▸ Problem description
Leave out the pictures and retype exactly the lines from the one with "Gold and Jade Dragon" through the end of the records.

------------------------------------------------

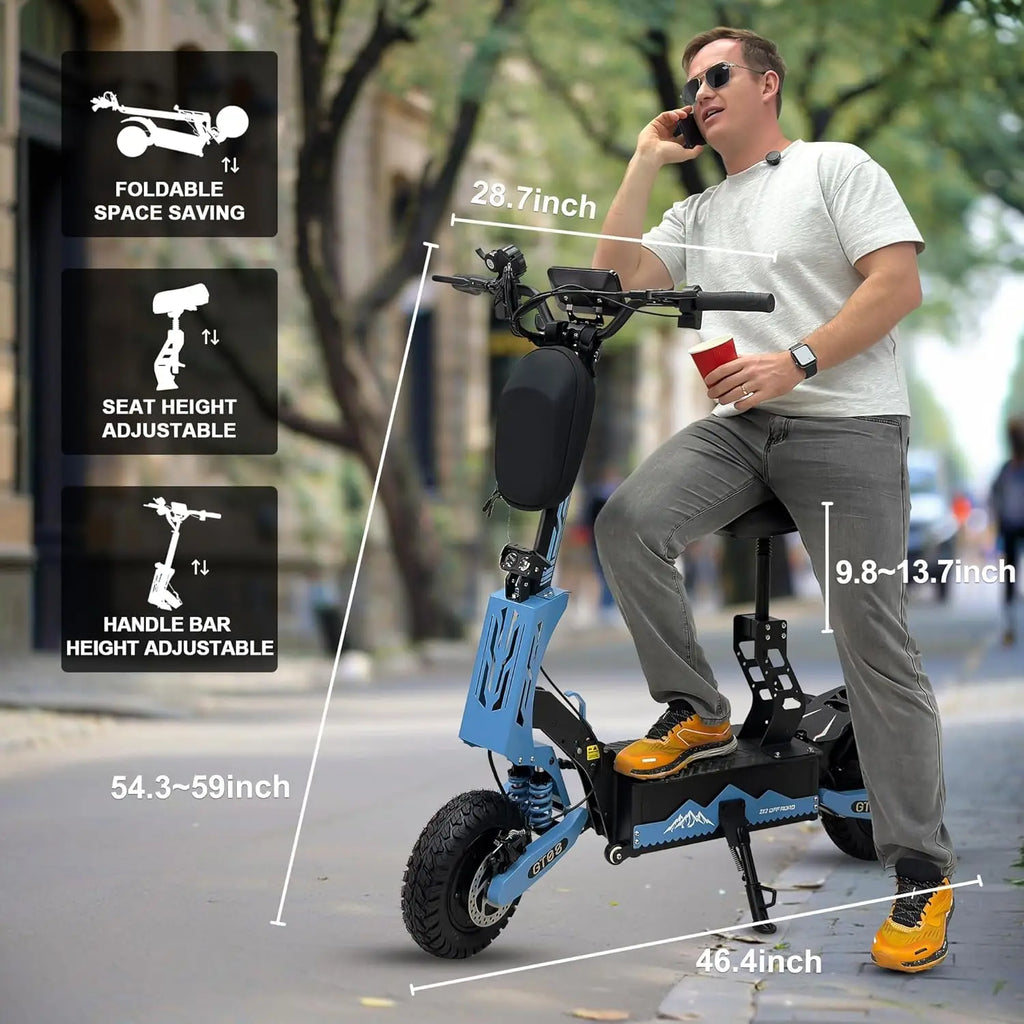 5600W Adult Electric Scooter Dual Motor Top Speed Sport Folding E-Scooter with Detachable Seat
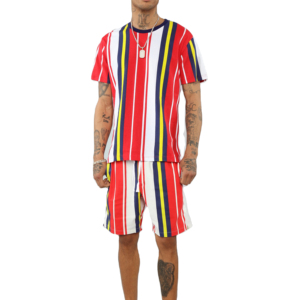 ชุดเสื้อยืดและกางเกงขาสั้นแบบผูกเชือกสำหรับผู้ชายชุดฤดูร้อนแนวสตรีทแวร์แนวเรโทรตัวหนาแฟชั่นชุดคู่แบบลำลองสำหรับผู้ชาย - Product Image 1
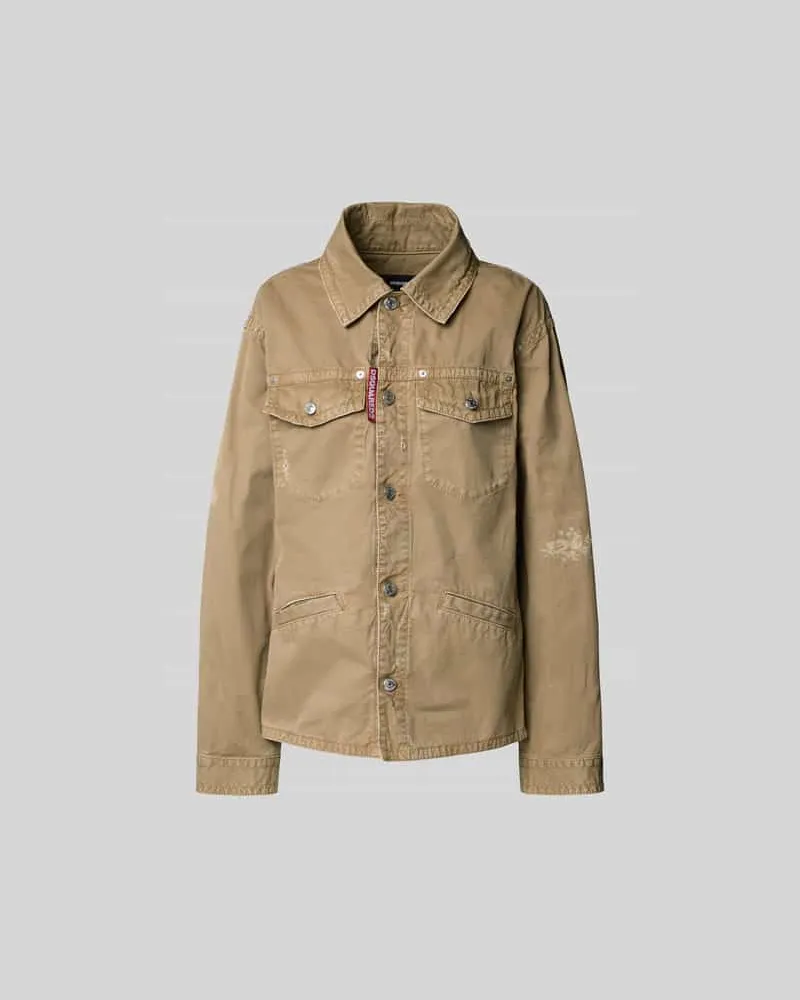 Dsquared2 Hemdbluse mit Knopfleiste Beige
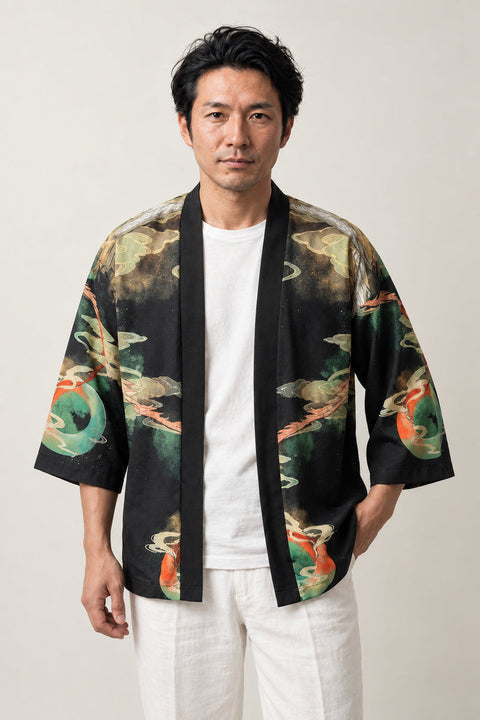 Gold and Jade Dragon Kimono Jacket 'Kinryu' – black Japanese kimono jacket with gold and jade green dragon and cloud print, unisex haori cardigan, front view on model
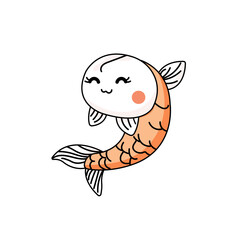 Fototapeta premium Cute Fish Cartoon Kawaii Sticker. Character Vector Illustration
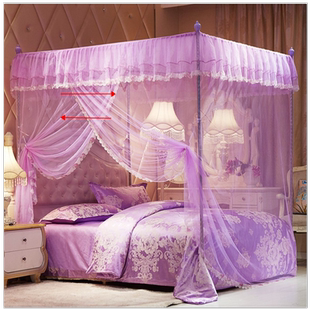 三开门蚊帐家用2023年新款卧室落地支架文纹账老式2022高级免安装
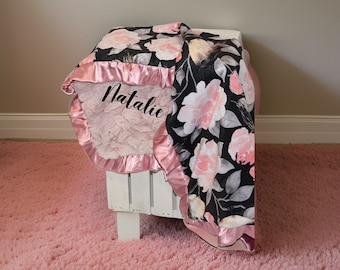 Personalized Pink Baby Girl Minky Blanket with satin, Bird baby blanket, Newborn baby gift, Gift for new Mom, Floral baby blanket with name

------------------------------------------------

▸ Completed task
 Gold and Jade Dragon Kimono Jacket 'Kinryu' – black Japanese kimono jacket with gold and jade green dragon and cloud print, unisex haori cardigan, front view on model
 Fototapeta premium Cute Fish Cartoon Kawaii Sticker. Character Vector Illustration
 三开门蚊帐家用2023年新款卧室落地支架文纹账老式2022高级免安装
 Personalized Pink Baby Girl Minky Blanket with satin, Bird baby blanket, Newborn baby gift, Gift for new Mom, Floral baby blanket with name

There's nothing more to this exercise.